*** Source material ***

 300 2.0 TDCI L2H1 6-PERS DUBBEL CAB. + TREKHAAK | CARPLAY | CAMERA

*** End of Source material ***
*** Source material ***

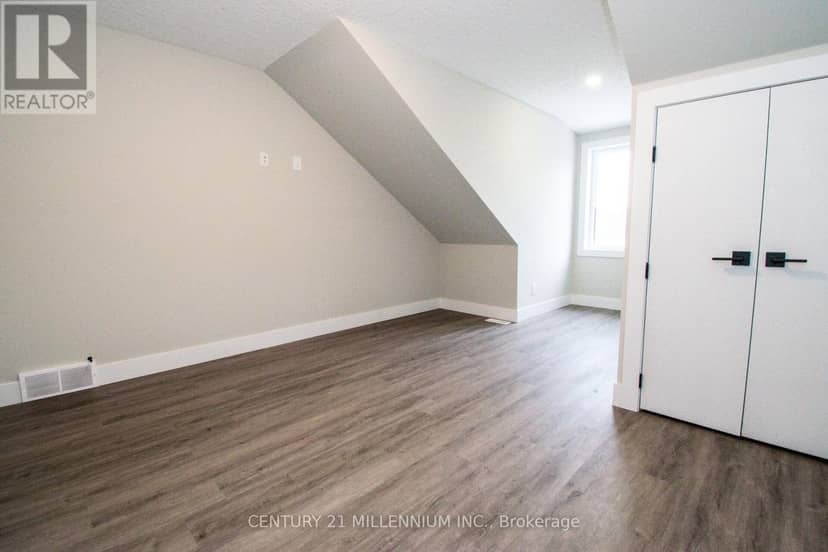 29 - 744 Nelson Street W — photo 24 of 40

*** End of Source material ***
*** Source material ***

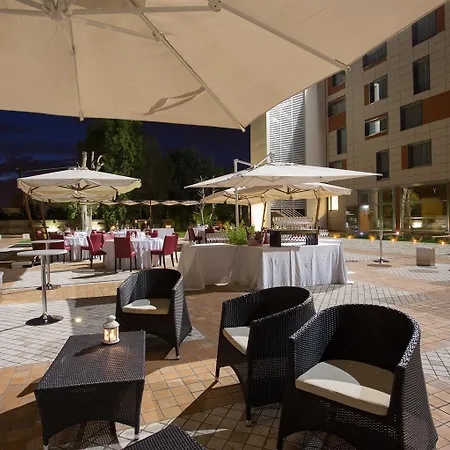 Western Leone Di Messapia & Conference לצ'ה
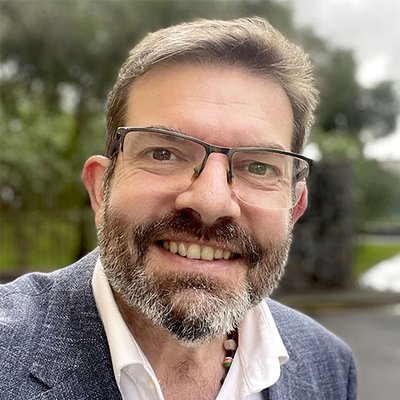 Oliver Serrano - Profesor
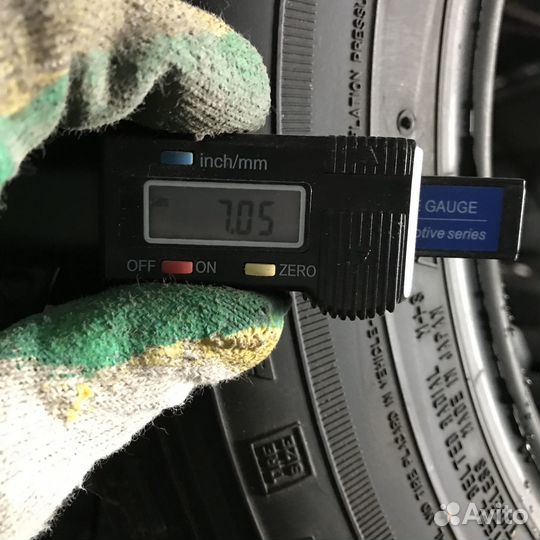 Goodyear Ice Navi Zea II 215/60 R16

*** End of Source material ***

Task prompt
Above are some records. Reproduce the lines from the one with "Western Leone Di Messapia & Conference לצ'ה" down to the one with "Goodyear Ice Navi Zea II 215/60 R16", keeping both, and leave every picture out.

Task solution
 Western Leone Di Messapia & Conference לצ'ה
 Oliver Serrano - Profesor
 Goodyear Ice Navi Zea II 215/60 R16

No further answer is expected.